RECORD EXCERPTS:
---*---
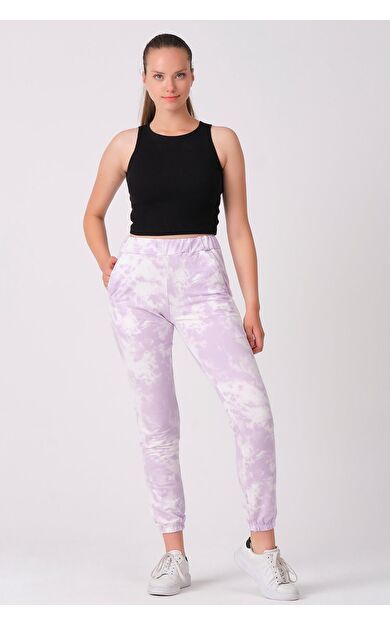 As Collection Lila Pamuklu Beli Lastikli Kadın Eşofman Altı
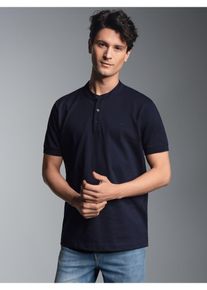 TRIGEMA Herren Poloshirt "TRIGEMA Poloshirt mit Stehkragen", blau, Basic, Gr. L, 100% Baumwolle, Shirts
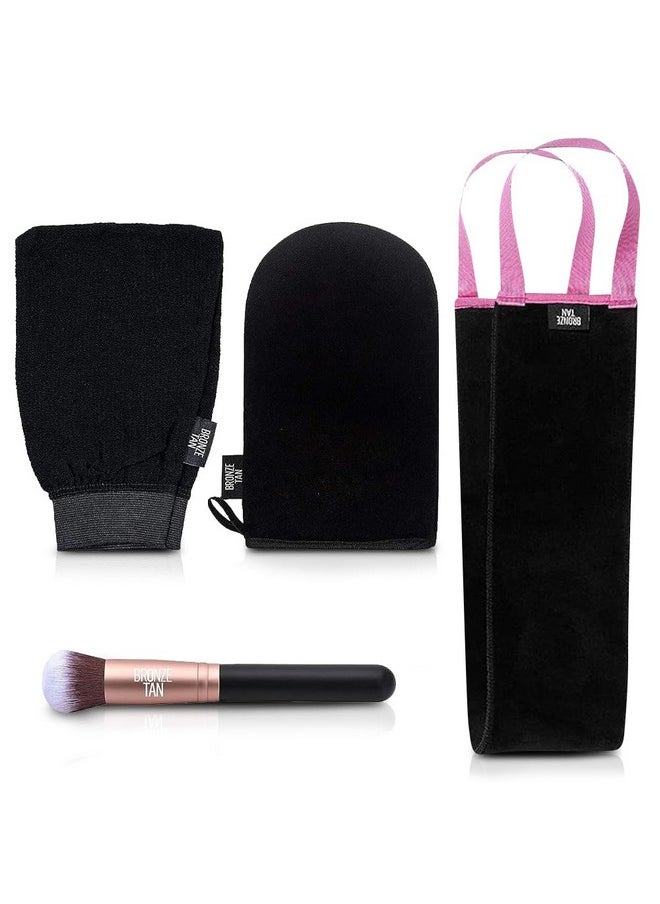 Bronze Tan Self Tanner Accessory Kit - Includes Self Tanning Mitt, Tan Remover Exfoliating Mitt, Easy-Reach Back Applicator, Tanning Brush Applicator for Face & Hands - Sunless Tanning Application
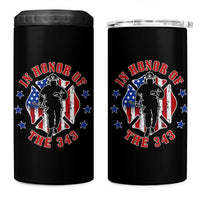 Firefighter Memorial In Honor Of The 343 Maltese Cross Graphic 4 in 1 Can Cooler Tumbler Patriotic 9 11 Memorial Tribute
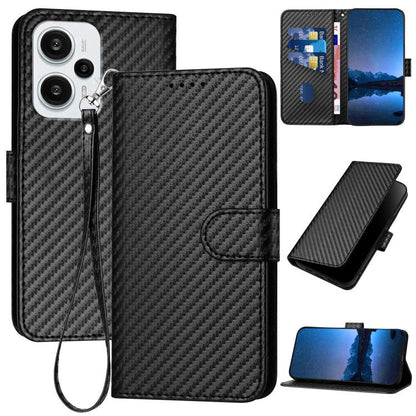 YX0070 Carbon Fiber Buckle Leather Phone Case with Lanyard, For Redmi Note 12 Turbo / Poco F5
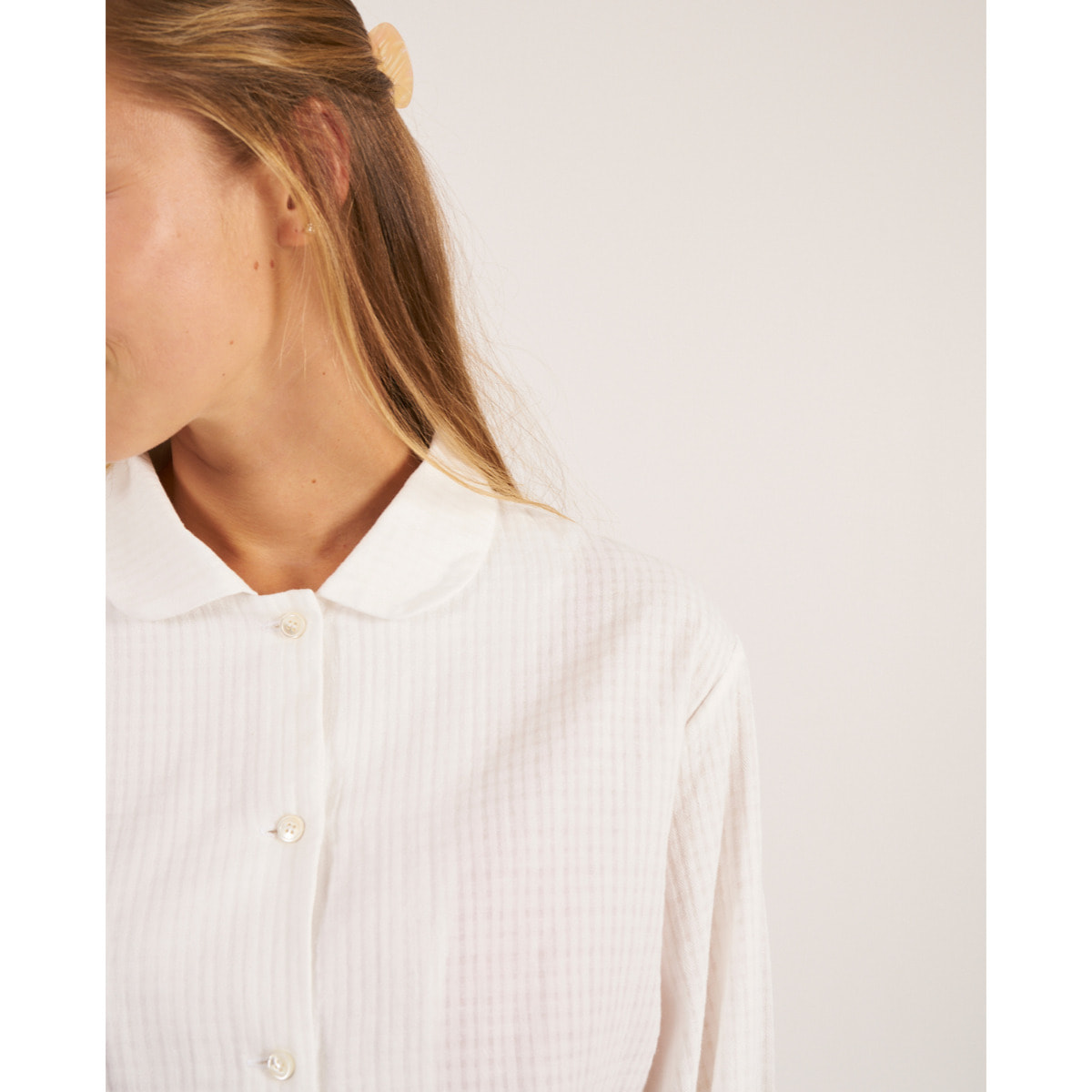 Camiseta de pijama de mujer de manga larga abotonada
---*---
DESCRIPTION OF THE TASK: From the line containing "YX0070 Carbon Fiber" to the last line of the records, inclusive, output the lines exactly as written and nothing else; leave out the pictures.

RESPONSE TO THIS EXERCISE:
 YX0070 Carbon Fiber Buckle Leather Phone Case with Lanyard, For Redmi Note 12 Turbo / Poco F5
 Camiseta de pijama de mujer de manga larga abotonada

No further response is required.